[df6751]: / EDA / README.md

Download this file

64 lines (33 with data), 3.2 kB

Data Analysis Report for MURA

MURA is a dataset of musculoskeletal radiographs consisting of 14,982 studies from 12,251 patients, with a total of 40,895 multi-view radiographic images. Each study belongs to one of seven standard upper extremity radiographic study types: elbow, finger, forearm, hand, humerus, shoulder and wrist.

Components of MURA dataset

MURA dataset comes with train, valid and test folders containing corresponding datasets, train.csv and valid.csv contain paths of radiographic images and their labels. Each image is labeled as 1 (abnormal) or 0 (normal) based on whether its corresponding study is negative or positive, respectively

Sometimes, these radiographic images are also referred as views.

Components of train and valid set

  • train set consists of seven study types namely:

    XR_ELBOW XR_FINGER XR_FOREARM XR_HAND XR_HUMERUS XR_SHOULDER XR_WRIST

  • Each study type contains several folders named like:

    patient12104 patient12110 patient12116 patient12122 patient12128 ...

  • These folders are named after patient ids, each of these folders contain one or more study, named like:

    study1_negative study2_negative study3_positive ...

  • Each of these studys contains one or more radiographs (views or images), named like:

    image1.png image2.png ...

  • Each view (image) is RGB with pixel range [0, 255] and varies in dimensions.

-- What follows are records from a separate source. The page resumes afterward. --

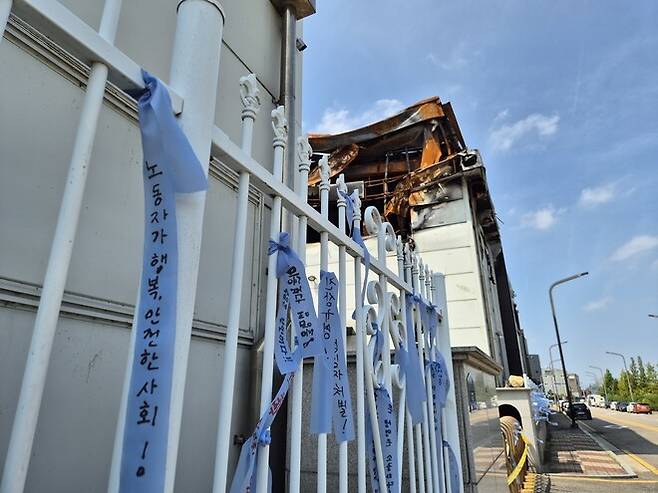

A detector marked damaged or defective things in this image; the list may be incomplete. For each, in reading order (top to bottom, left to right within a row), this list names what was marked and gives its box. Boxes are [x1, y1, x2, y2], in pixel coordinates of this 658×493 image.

fire-damaged building [306, 95, 528, 380]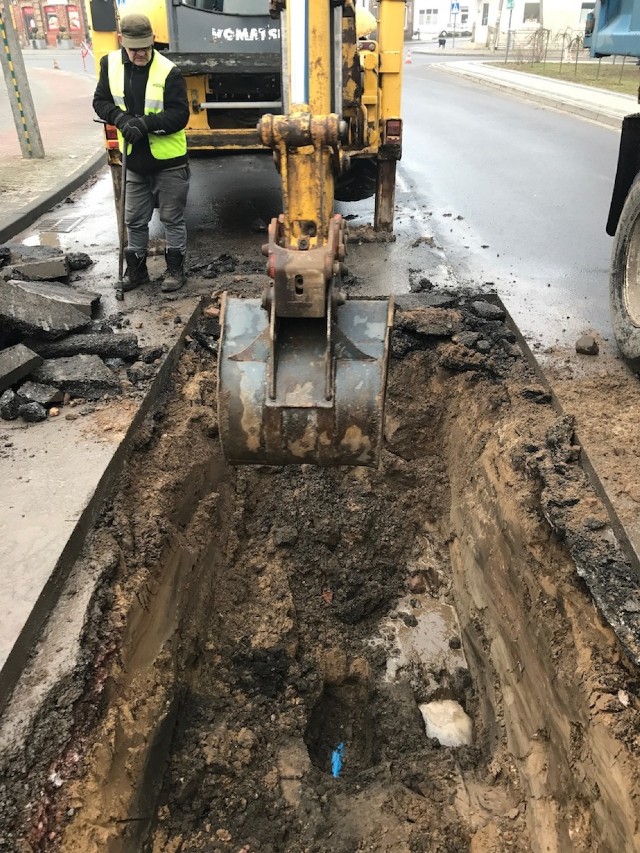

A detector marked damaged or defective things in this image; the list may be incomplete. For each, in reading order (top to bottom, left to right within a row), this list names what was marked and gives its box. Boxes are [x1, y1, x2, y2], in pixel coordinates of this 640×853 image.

broken asphalt chunk [0, 278, 94, 334]
broken asphalt chunk [0, 342, 42, 392]
broken asphalt chunk [32, 356, 120, 402]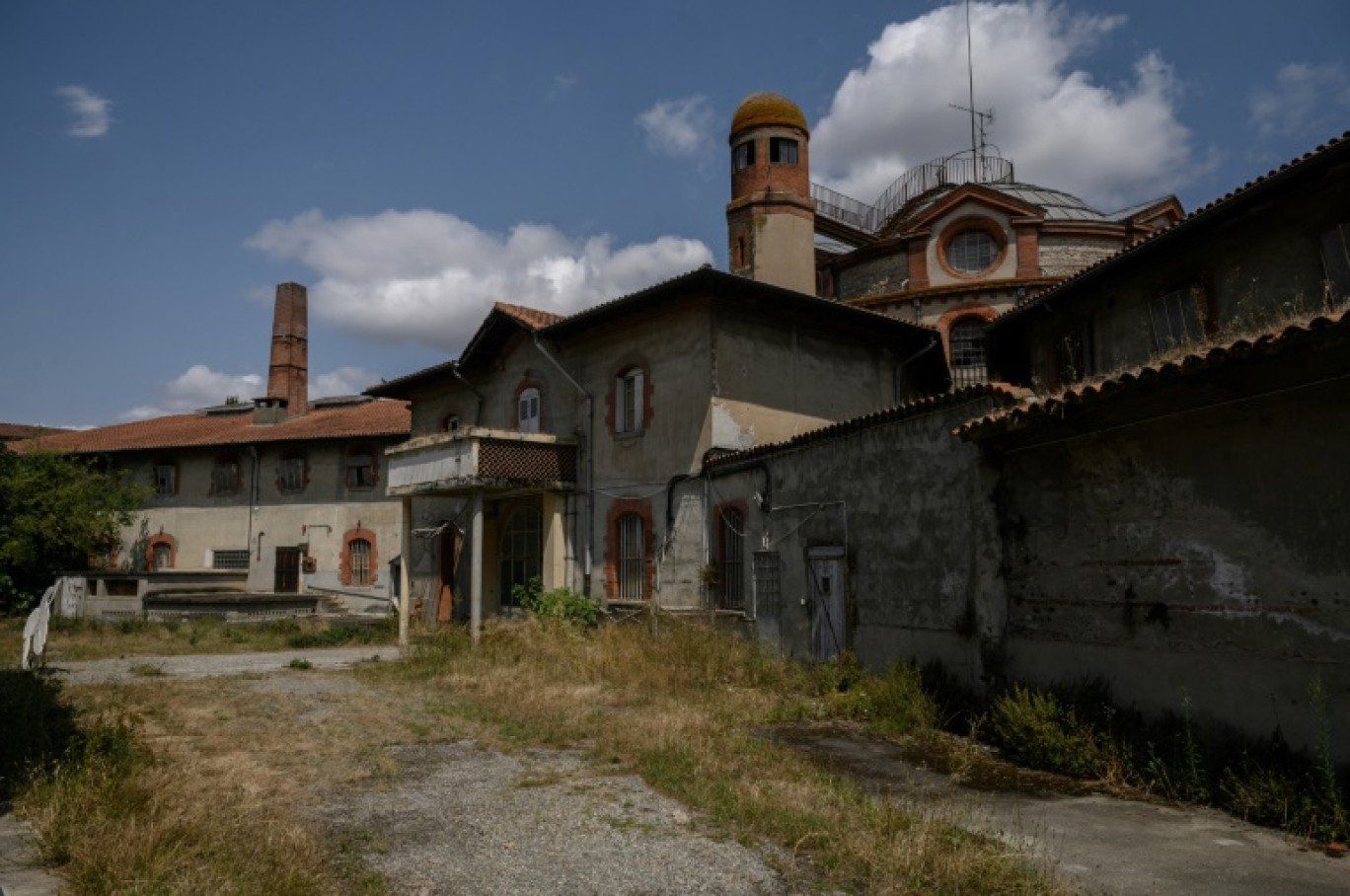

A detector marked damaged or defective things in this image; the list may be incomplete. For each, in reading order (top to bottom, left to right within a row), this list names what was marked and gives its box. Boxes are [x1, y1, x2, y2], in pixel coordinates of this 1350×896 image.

rusty metal door [272, 545, 299, 593]
rusty metal door [809, 542, 842, 661]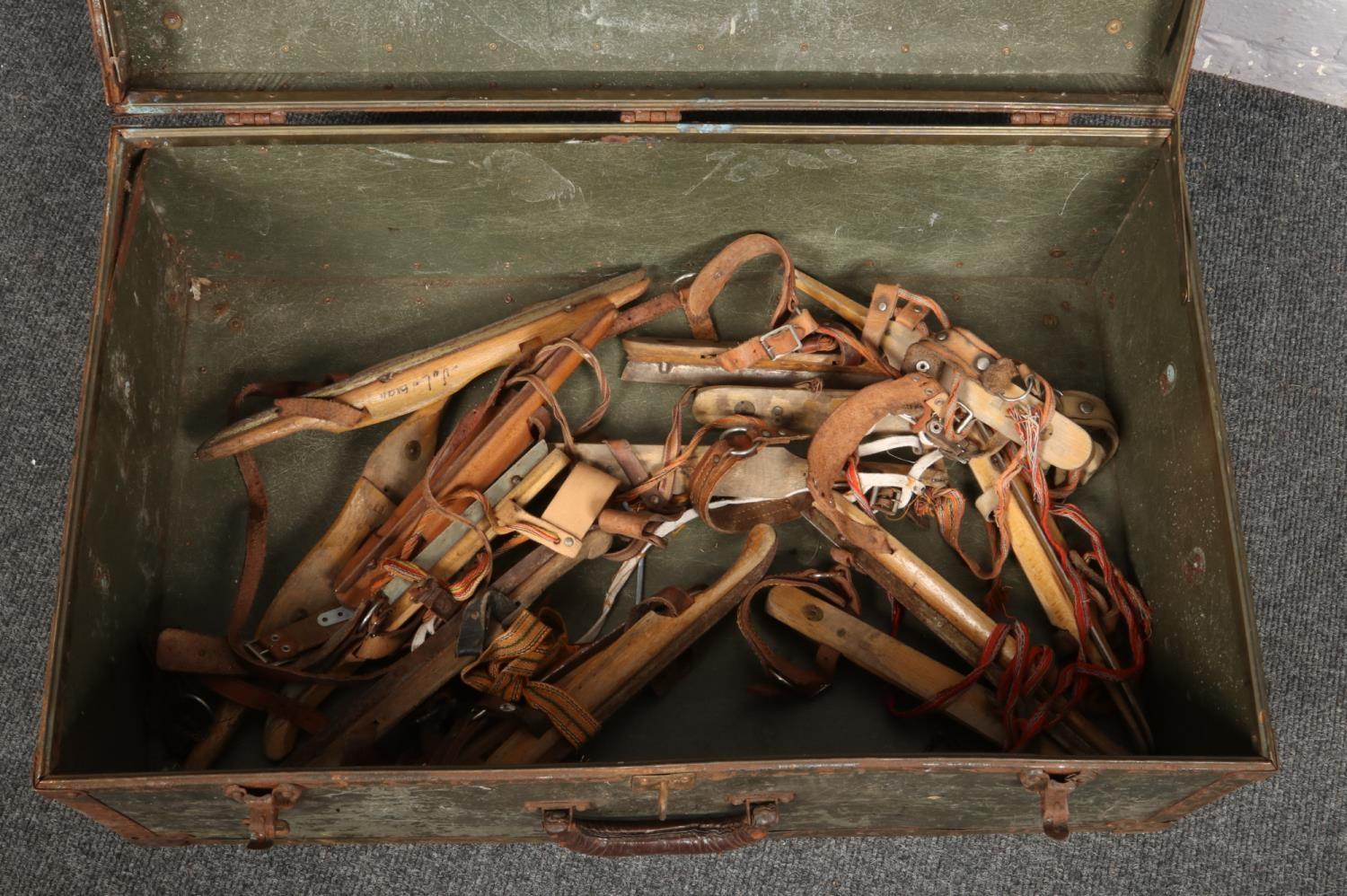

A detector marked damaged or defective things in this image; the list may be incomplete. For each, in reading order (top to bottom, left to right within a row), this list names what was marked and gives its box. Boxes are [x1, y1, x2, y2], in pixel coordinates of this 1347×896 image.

rusty metal hinge [224, 110, 288, 126]
rusted metal trim [110, 88, 1175, 119]
rusted metal trim [36, 786, 192, 840]
rusty metal hinge [224, 781, 303, 846]
rusty metal hinge [1018, 765, 1094, 835]
rusted metal trim [1148, 770, 1272, 824]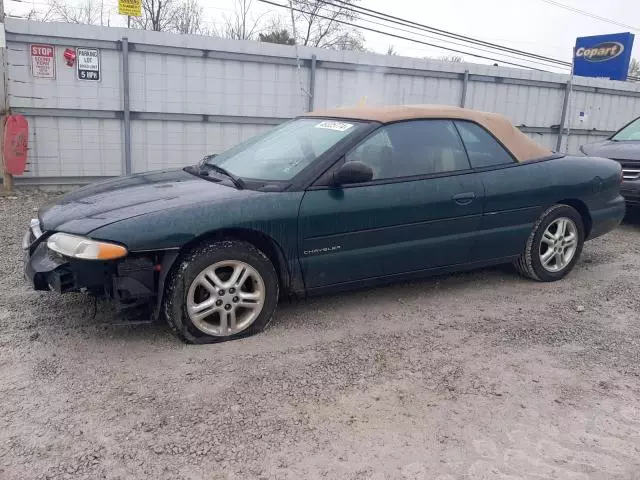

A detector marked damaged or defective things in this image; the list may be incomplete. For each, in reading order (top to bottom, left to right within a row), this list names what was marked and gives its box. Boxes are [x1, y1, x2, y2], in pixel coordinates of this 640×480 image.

damaged front bumper [22, 218, 175, 316]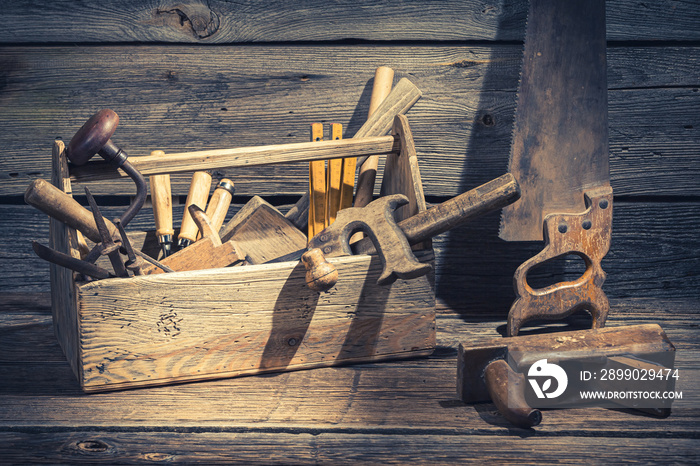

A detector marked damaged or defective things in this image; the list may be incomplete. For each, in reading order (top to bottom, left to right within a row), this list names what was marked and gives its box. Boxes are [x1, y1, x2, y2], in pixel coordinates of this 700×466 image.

rusty tool [32, 240, 115, 280]
rusty tool [66, 107, 146, 228]
rusty tool [83, 187, 130, 278]
rusty tool [148, 151, 174, 256]
rusty tool [141, 206, 245, 274]
rusty tool [178, 170, 213, 249]
rusty tool [312, 172, 520, 286]
rusty tool [498, 0, 612, 334]
rusty tool [456, 326, 676, 428]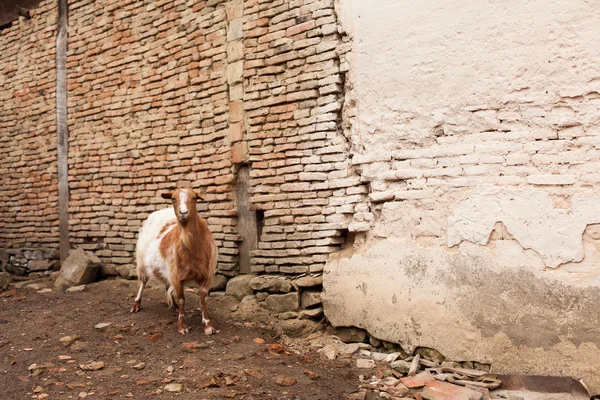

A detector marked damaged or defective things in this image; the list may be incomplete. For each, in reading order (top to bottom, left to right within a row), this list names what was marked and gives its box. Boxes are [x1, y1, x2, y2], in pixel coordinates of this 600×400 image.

peeling plaster [448, 188, 600, 268]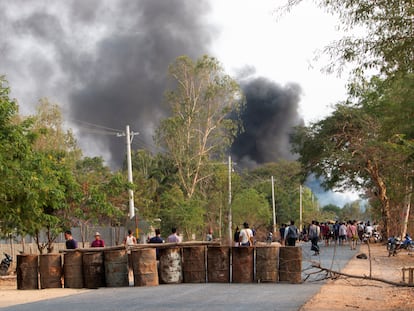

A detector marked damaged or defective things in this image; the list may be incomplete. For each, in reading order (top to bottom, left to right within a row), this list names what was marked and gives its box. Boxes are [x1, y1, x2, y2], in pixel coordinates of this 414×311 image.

rusty metal barrel [16, 255, 38, 292]
rusty metal barrel [38, 254, 61, 290]
rusty metal barrel [63, 251, 83, 290]
rusty metal barrel [82, 252, 105, 288]
rusty metal barrel [103, 250, 128, 288]
rusty metal barrel [132, 249, 159, 288]
rusty metal barrel [158, 249, 182, 286]
rusty metal barrel [183, 247, 205, 284]
rusty metal barrel [207, 247, 230, 284]
rusty metal barrel [231, 247, 254, 284]
rusty metal barrel [256, 247, 278, 284]
rusty metal barrel [278, 247, 300, 284]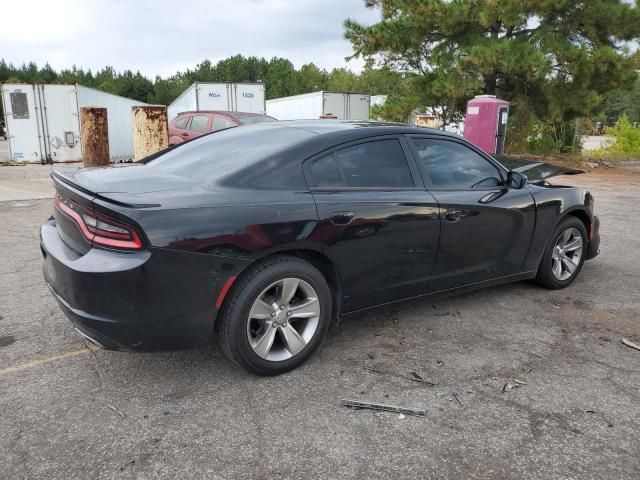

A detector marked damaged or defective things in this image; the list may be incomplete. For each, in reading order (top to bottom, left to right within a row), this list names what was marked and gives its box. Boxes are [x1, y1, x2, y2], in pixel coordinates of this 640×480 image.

rusty shipping container [132, 106, 169, 160]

NOTE: all above points are true for test set, except the third point, the study folder are named like: study1 study2 ..

Some insightful plots

Plot of number of Patients vs study type

In train set XR_WRIST has maximum number of patients, followed by XR_FINGER, XR_HUMERUS, XR_SHOULDER, XR_HAND, XR_ELBOW and XR_FOREARM. X_FOREARM with 606 patients has got the least number. Similar pattern can be seen in valid set, XR_WRIST has the maximum, followed by XR_FINGER, XR_SHOULDER,XR_HUMEROUS, XR_HAND,XR_ELBOW, XR_FOREARM.

Plot of number of patients vs study count

Patients of a study type might have multiple studys, like a patient may have 3 studys for wrist, independent of each other.

The following plot shows variation of number of patients with number of studys

NOTE study count = number of studies, so if 4 patients have study count 3, that means 4 patients have undergone 3 studys for a given study type

Patients of XR_FOREARM and XR_HUMEROUS study types have either 1 study or 2 only.
Patients of XR_FINGER, XR_HAND and XR_ELBOW have upto 3 studys.
Patients of XR_SHOULDER and XR_WRIST have upto 4 studys

Plot of number of studys vs number of views

Each study may have one or more number of views, the following plot variation of number of views per study in train dataset

Maximum number of views per study can be found in XR_SHOULDER, there is a study in it which has as many as 13 images (views), similarlyy XR_HUMEROUS has a study with 10 images. It can be seen that most of the studys have either 2, 3 or 4 images.